= Task goal =
Reproduce the closing run of lines below verbatim, from the line that contains "Schloss Bad Muskau" up to and including the final line.

= Data for processing =
-- Opening Marker --
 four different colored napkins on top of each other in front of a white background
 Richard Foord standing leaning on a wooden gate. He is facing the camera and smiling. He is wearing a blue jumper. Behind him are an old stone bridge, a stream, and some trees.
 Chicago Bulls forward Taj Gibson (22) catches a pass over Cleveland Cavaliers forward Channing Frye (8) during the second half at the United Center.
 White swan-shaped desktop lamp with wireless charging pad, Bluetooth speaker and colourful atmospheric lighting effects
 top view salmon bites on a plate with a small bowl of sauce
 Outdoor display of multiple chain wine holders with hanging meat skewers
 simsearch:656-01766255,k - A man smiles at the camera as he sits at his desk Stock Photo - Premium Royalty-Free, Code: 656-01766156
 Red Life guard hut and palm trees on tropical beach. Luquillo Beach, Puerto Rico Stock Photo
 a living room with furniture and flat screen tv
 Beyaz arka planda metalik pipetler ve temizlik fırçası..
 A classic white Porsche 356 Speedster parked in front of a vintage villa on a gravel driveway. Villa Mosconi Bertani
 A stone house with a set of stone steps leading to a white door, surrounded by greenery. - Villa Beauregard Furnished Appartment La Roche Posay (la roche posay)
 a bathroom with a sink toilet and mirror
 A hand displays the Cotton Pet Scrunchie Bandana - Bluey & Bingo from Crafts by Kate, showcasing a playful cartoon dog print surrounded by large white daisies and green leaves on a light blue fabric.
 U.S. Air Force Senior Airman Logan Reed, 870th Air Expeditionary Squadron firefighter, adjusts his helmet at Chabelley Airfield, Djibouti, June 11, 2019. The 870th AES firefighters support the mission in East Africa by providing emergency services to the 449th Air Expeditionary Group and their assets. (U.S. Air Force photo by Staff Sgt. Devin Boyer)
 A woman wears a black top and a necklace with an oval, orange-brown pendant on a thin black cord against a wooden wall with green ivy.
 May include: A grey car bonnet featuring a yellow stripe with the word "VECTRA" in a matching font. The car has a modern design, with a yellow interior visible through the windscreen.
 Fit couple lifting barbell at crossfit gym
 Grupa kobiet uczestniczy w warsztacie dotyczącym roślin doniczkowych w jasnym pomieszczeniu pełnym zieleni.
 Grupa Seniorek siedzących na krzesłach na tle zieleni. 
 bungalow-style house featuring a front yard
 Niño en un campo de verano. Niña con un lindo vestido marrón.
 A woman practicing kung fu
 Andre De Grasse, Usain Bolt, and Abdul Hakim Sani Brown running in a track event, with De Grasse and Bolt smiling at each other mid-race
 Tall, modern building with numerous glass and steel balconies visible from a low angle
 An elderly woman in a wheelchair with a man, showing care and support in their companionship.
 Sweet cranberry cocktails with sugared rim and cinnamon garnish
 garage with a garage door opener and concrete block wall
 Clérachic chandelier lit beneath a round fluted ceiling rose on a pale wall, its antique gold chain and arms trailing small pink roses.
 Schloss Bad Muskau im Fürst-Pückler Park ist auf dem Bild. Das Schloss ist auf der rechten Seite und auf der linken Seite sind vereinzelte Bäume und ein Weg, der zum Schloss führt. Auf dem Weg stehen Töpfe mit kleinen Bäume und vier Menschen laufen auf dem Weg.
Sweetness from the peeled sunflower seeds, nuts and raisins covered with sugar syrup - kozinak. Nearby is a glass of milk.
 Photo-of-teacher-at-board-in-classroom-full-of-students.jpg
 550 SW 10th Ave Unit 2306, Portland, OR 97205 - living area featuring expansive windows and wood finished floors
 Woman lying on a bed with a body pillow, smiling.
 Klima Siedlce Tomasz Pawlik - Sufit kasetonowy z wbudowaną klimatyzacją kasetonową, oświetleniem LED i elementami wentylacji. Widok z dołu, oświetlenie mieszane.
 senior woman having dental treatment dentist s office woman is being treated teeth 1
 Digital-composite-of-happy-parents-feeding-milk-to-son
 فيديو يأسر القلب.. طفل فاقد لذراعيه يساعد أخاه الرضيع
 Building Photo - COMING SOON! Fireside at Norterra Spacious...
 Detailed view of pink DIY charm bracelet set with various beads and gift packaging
-- Closing Marker --
= Solution to this task =
 Schloss Bad Muskau im Fürst-Pückler Park ist auf dem Bild. Das Schloss ist auf der rechten Seite und auf der linken Seite sind vereinzelte Bäume und ein Weg, der zum Schloss führt. Auf dem Weg stehen Töpfe mit kleinen Bäume und vier Menschen laufen auf dem Weg.
Sweetness from the peeled sunflower seeds, nuts and raisins covered with sugar syrup - kozinak. Nearby is a glass of milk.
 Photo-of-teacher-at-board-in-classroom-full-of-students.jpg
 550 SW 10th Ave Unit 2306, Portland, OR 97205 - living area featuring expansive windows and wood finished floors
 Woman lying on a bed with a body pillow, smiling.
 Klima Siedlce Tomasz Pawlik - Sufit kasetonowy z wbudowaną klimatyzacją kasetonową, oświetleniem LED i elementami wentylacji. Widok z dołu, oświetlenie mieszane.
 senior woman having dental treatment dentist s office woman is being treated teeth 1
 Digital-composite-of-happy-parents-feeding-milk-to-son
 فيديو يأسر القلب.. طفل فاقد لذراعيه يساعد أخاه الرضيع
 Building Photo - COMING SOON! Fireside at Norterra Spacious...
 Detailed view of pink DIY charm bracelet set with various beads and gift packaging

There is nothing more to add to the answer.